Baxandall insiste sur le fait que ce terme ne renvoie pas précisément à l'acception actuelle que nous en avons. Au contraire celui-ci indiquerait plutôt « un style a la fois contemplatif, mêlant joie et tristesse ; sans complication et intellectuellement sans prétention » (p.195).
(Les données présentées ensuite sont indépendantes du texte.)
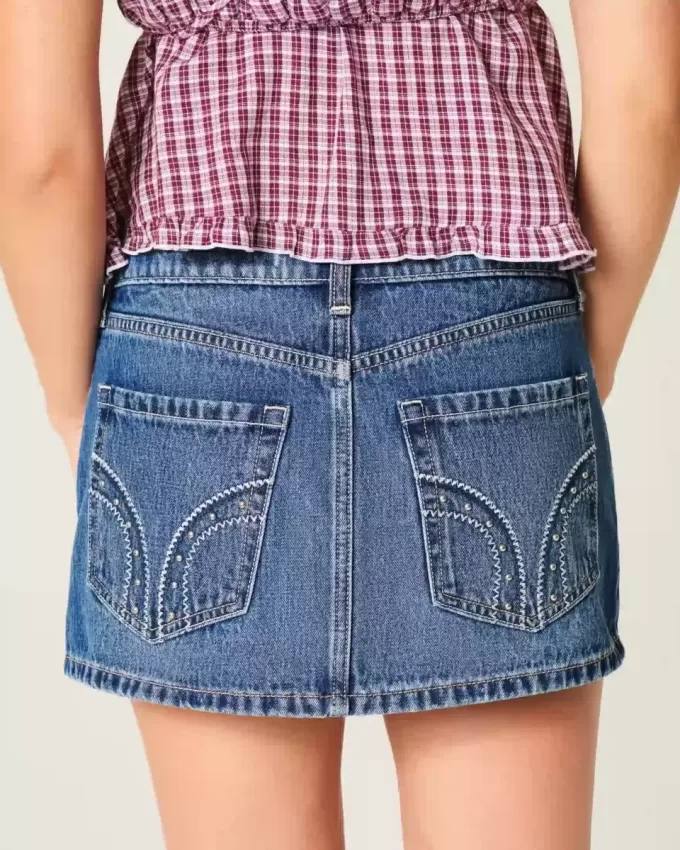 Short mini din denim cu talie joasă Short mini din denim cu talie joasă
En effet, Baxandall avait indiqué précédemment l'importance de la peinture religieuse dans l'éducation chrétienne du tout-venant, la majorité des ouailles étant souvent illettrées.



conclusion


La méthode de Baxandall, finalement, réside dans la précision de l'étude, en particulier de toutes les sources primaires (issues de l'époque étudiée, au contraire des sources secondaires, concernant les écrits ultérieurs) que l'on peut trouver concernant une époque, c'est tâcher de rendre vivant ce qui ne l'est plus par l'excavation des habitudes sociales, des codes et des normes sociétales, la lecture des sermons d'époque, l'étude de l'apprentissage des jeunes gens etc...Au sein de cette partie de l'ouvrage, il s'agit pour l'auteur de rendre compte de la nécessite d'une relecture vivante du langage.

Baxandall fait donc entrevoir, en moins de 200 pages, comment recouper les habitudes visuelles d'une ou plusieurs générations, au travers de l'étude de sources primaires plurielles, s'attachant à tous les domaines dans lesquels peuvent baigner les regardeurs potentiels d'une œuvre d'art, ici, de productions picturales (de peintures).